Re: [PATCH -next] arm32: enable HAVE_LD_DEAD_CODE_DATA_ELIMINATION

From: Arnd Bergmann
Date: Tue Feb 20 2024 - 03:40:31 EST


On Tue, Feb 20, 2024, at 09:15, Yuntao Liu wrote:
> The current arm32 architecture does not yet support the
> HAVE_LD_DEAD_CODE_DATA_ELIMINATION feature. arm32 is widely used in
> embedded scenarios, and enabling this feature would be beneficial for
> reducing the size of the kernel image.
>
> In order to make this work, we keep the necessary tables by annotating
> them with KEEP, also it requires further changes to linker script to KEEP
> some tables and wildcard compiler generated sections into the right place.

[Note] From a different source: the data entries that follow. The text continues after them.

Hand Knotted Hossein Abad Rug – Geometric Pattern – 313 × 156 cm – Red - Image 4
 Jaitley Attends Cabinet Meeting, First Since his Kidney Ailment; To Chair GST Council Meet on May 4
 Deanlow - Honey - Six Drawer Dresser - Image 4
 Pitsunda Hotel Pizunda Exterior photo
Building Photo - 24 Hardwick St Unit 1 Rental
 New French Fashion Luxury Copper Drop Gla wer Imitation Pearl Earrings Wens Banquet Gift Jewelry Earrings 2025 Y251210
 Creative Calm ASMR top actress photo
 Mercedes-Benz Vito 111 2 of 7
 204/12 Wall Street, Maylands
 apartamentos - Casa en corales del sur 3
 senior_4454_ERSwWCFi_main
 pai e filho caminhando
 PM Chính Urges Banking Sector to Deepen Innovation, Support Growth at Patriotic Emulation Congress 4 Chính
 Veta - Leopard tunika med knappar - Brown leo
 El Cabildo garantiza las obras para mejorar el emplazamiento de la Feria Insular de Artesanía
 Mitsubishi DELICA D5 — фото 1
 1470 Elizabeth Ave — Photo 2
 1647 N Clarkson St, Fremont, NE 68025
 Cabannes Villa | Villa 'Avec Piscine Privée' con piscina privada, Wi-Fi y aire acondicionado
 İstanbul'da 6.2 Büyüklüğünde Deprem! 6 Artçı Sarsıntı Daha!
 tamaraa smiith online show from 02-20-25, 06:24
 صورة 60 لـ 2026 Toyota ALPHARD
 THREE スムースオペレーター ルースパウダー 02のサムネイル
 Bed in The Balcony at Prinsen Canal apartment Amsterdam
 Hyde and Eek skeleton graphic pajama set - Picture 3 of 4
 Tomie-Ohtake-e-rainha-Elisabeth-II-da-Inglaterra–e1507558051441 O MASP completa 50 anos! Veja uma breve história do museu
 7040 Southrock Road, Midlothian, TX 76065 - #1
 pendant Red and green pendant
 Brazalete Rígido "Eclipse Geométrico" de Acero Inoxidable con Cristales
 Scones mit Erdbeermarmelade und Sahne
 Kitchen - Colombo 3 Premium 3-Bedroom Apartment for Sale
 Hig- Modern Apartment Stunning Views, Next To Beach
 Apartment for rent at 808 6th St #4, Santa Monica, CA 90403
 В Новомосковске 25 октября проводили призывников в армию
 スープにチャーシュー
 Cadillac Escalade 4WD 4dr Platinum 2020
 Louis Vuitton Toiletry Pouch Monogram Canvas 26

Thanks for the patch, I think this is a very useful feature
and we should get this upstream, especially if we can combine
it with CONFIG_LTO_CLANG (which is supported on arm64 at the
moment, but not on arm).

> It boots normally with defconfig, vexpress_defconfig and tinyconfig.
>
> The size comparison of zImage is as follows:
> defconfig vexpress_defconfig tinyconfig
> 5137712 5138024 424192 no dce
> 5032560 4997824 298384 dce
> 2.0% 2.7% 29.7% shrink
>
> When using smaller config file, there is a significant reduction in the
> size of the zImage.
>
> We also tested this patch on a commercially available single-board
> computer, and the comparison is as follows:
> a15eb_config
> 2161384 no dce
> 2092240 dce
> 3.2% shrink
>
> The zImage size has been reduced by approximately 3.2%, which is 70KB on
> 2.1M.

Nice description! I do suspect that there will be additional
bugs that we run into with some corner cases.

> diff --git a/arch/arm/boot/compressed/vmlinux.lds.S
> b/arch/arm/boot/compressed/vmlinux.lds.S
> index 3fcb3e62dc56..da21244aa892 100644
> --- a/arch/arm/boot/compressed/vmlinux.lds.S
> +++ b/arch/arm/boot/compressed/vmlinux.lds.S
> @@ -89,7 +89,7 @@ SECTIONS
> * The EFI stub always executes from RAM, and runs strictly before
> the
> * decompressor, so we can make an exception for its r/w data, and
> keep it
> */
> - *(.data.efistub .bss.efistub)
> + *(.data.* .bss.*)
> __pecoff_data_end = .;
>
> /*

This doesn't seem right to me, or maybe I misunderstand what
the original version does. Have you tested with both
CONFIG_EFI_STUB on and off, and booting with and without
UEFI?

If I read this right, you would move all .data and .bss
into the stub here, not just the parts we actually want?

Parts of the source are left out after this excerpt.